Sorgulayıcı ve eleştirel bir yaklaşım tarzını benimsemiş felsefe, sorulara büyük önem verir ve soruları cevapların bile önünde tutar. Cevapların değil de soruların ön planda tutulmasının başlıca nedeni, filozofların kesinlik peşinde olmayışıdır. Onlar için önemli olan felsefi sorulara verilen cevaplar değil, bu soruları sorarken uğrağımız duraklar ve sorgulama biçimimizdir.
Her felsefi disiplinin kendine has bazı soruları vardır. Örneğin estetik “Güzel nedir?”; etik “İyi ve kötü nedir?” gibi sorular sorar. Her filozof bu sorulara farklı bir şekilde yaklaşabilir ve cevaplarını birbirinden tamamen zıt noktalarda konumlandırabilir. Buna kaynaklık eden ise, yukarıda da belirttiğimiz gibi, felsefenin bir kesinlik arayışında olmayışı ve düşünsel bir etkinlik olarak insandan insana farklı seyretmesidir. Eğer ki her filozof, kendinden önceki filozofun karda bıraktığı ayak izlerini takip ederek yürüseydi, onun gittiği yerden ötesine geçemezdi, onun görmediği yerleri göremezdi. Dolayısıyla soruların farklı yönlerden değerlendirilmesi ve farklı cevaplarla eşleştirilmesi, düşünsel zenginlik açısından oldukça önemli bir faktördür.
Filozoflar sordukları sorular ve verdikleri cevaplarla kendi felsefelerini oluştururlar. Onların felsefesi, onların dünyasının bir ürünüdür. Zamanla daha önce verdikleri cevaplardan vazgeçebilir, yeni sulara yelken açabilir ya da eksiklerini belirleyerek bu eksiklikleri giderebilecekleri çalışmalara yönelebilirler. Bu noktada filozofların birbirini eleştirmesi ve birbirinin düşünceleri ile oynamaları, felsefeyi zenginleştiren bir unsur olarak karşımıza çıkmaktadır.

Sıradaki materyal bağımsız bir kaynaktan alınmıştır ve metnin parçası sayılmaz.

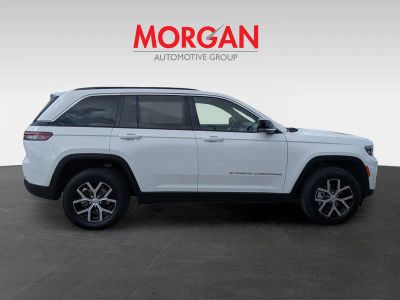 2025 Jeep Grand Cherokee — rear three-quarter view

Bugün "A" düşüncesini benimseyen bir filozof, yarın "B" düşüncesini öne sürebilir ve "A" düşüncesinden tamamen vazgeçebilir. Bir filozofun düşüncesi kendi için bile yüzde yüz kesinlik içermez, değiştirilebilir ya da geliştirilebilirdir. Örneğin, büyük bir filozof olan Wittgenstein, Tractatus Logico-Philosophicus isimli kitabını yazdıktan sonra felsefeyi tamamladığını, artık üzerine koyacak bir şey kalmadığını iddia etmiş, bir süre sonra ise bu fikrini değiştirmekle kalmayıp Tractatus’ta dillendirdiği bazı fikirlerinin de artık arkasında durmayarak yerlerine yenilerini yerleştirmiştir.
Felsefeye dair kesin olan bir şey varsa, o da felsefenin hiç de kesin olmadığıdır. Sorgulamak, eleştirel yaklaşmak ve değişimden korkmamak felsefenin mihenk taşıdır. Sokrates’in o meşhur cümlesinde de dediği gibi, tek bildiğimiz hiçbir şey bilmediğimizdir ve biz bu yüzden felsefede kesinlik peşinde koşmayız, cevapları soruların önüne koymayız. Felsefe kesinlik içermez ve hiçbir zaman da içermeyecektir.